§ **SUPPLIED RECORDS**
_ _ _ _
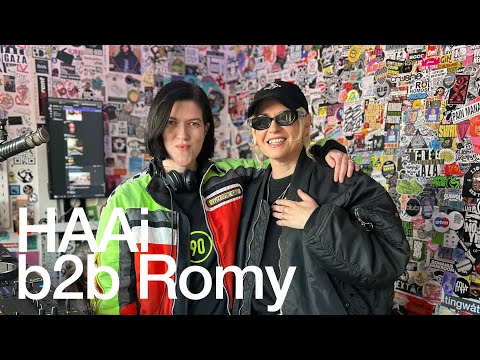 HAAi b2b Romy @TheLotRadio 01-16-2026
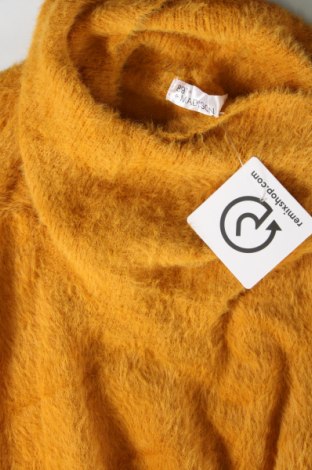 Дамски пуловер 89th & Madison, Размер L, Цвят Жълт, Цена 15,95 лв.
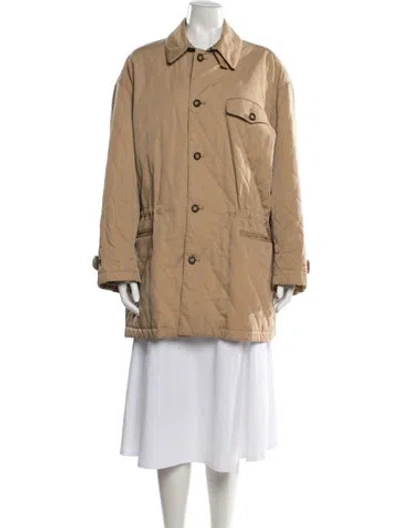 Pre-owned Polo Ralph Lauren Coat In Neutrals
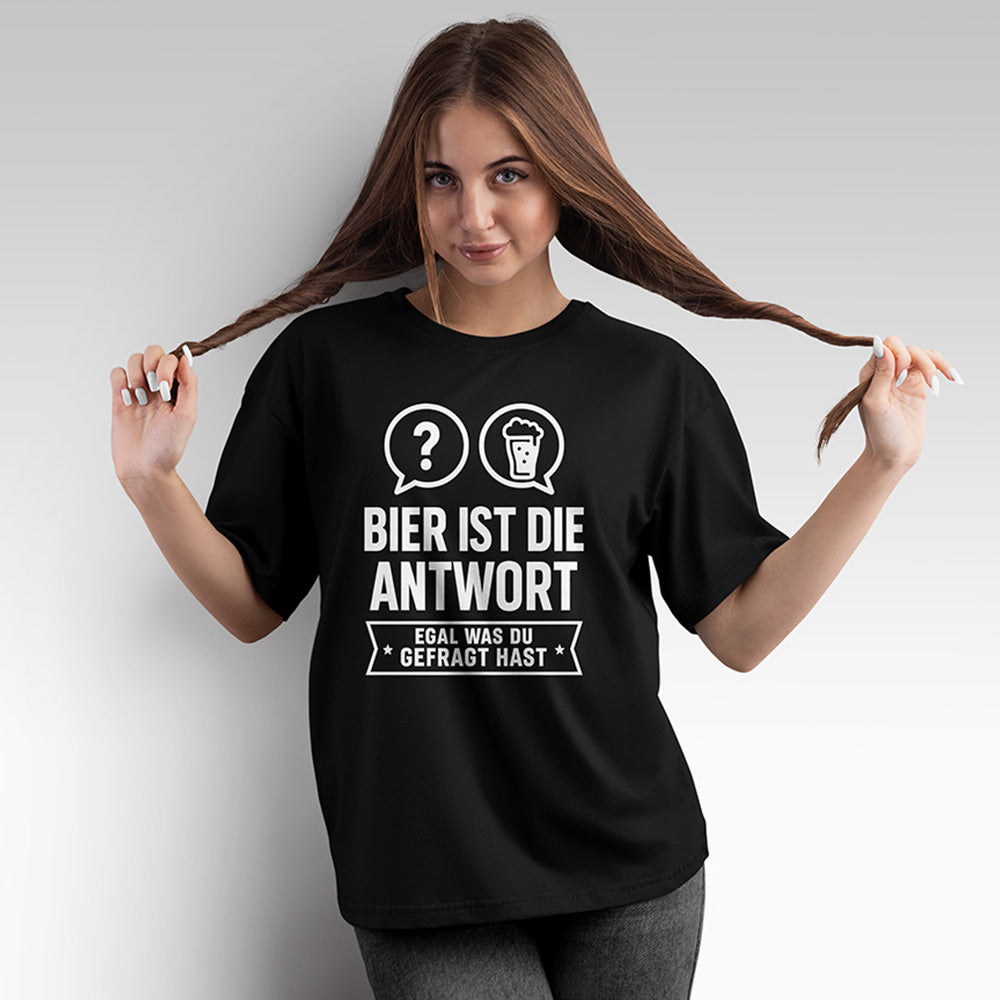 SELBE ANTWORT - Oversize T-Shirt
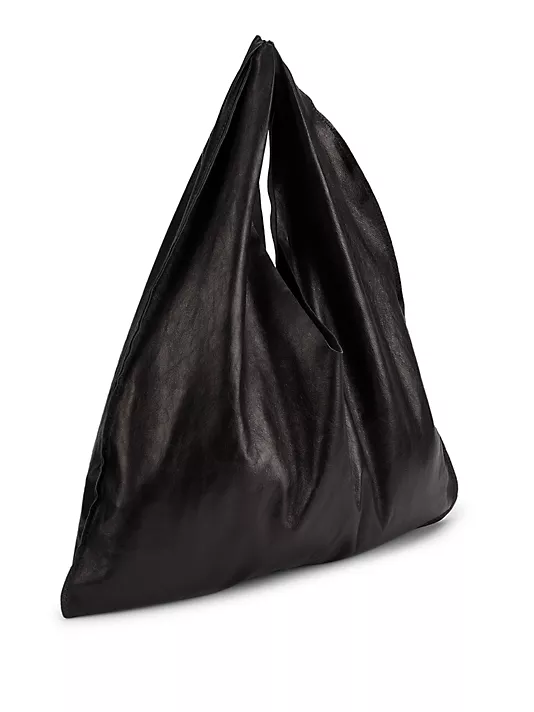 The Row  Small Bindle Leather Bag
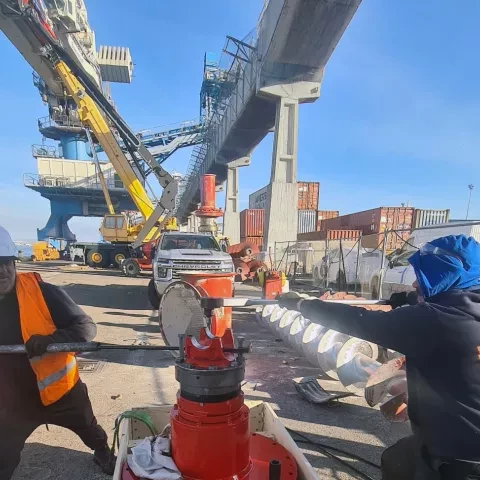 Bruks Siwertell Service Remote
_ _ _ _
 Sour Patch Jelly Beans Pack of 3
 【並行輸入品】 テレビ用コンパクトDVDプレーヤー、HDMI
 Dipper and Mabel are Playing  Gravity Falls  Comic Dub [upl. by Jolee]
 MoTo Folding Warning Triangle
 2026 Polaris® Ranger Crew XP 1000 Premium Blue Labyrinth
_ _ _ _
§ **WHAT YOU NEED TO DO**
With the pictures omitted, copy exactly the lines of the listing above starting at the line containing "Дамски пуловер 89th" and ending at the line containing "Bruks Siwertell Service Remote", both included.

§ **EXERCISE RESPONSE**
 Дамски пуловер 89th & Madison, Размер L, Цвят Жълт, Цена 15,95 лв.
 Pre-owned Polo Ralph Lauren Coat In Neutrals
 SELBE ANTWORT - Oversize T-Shirt
 The Row  Small Bindle Leather Bag
 Bruks Siwertell Service Remote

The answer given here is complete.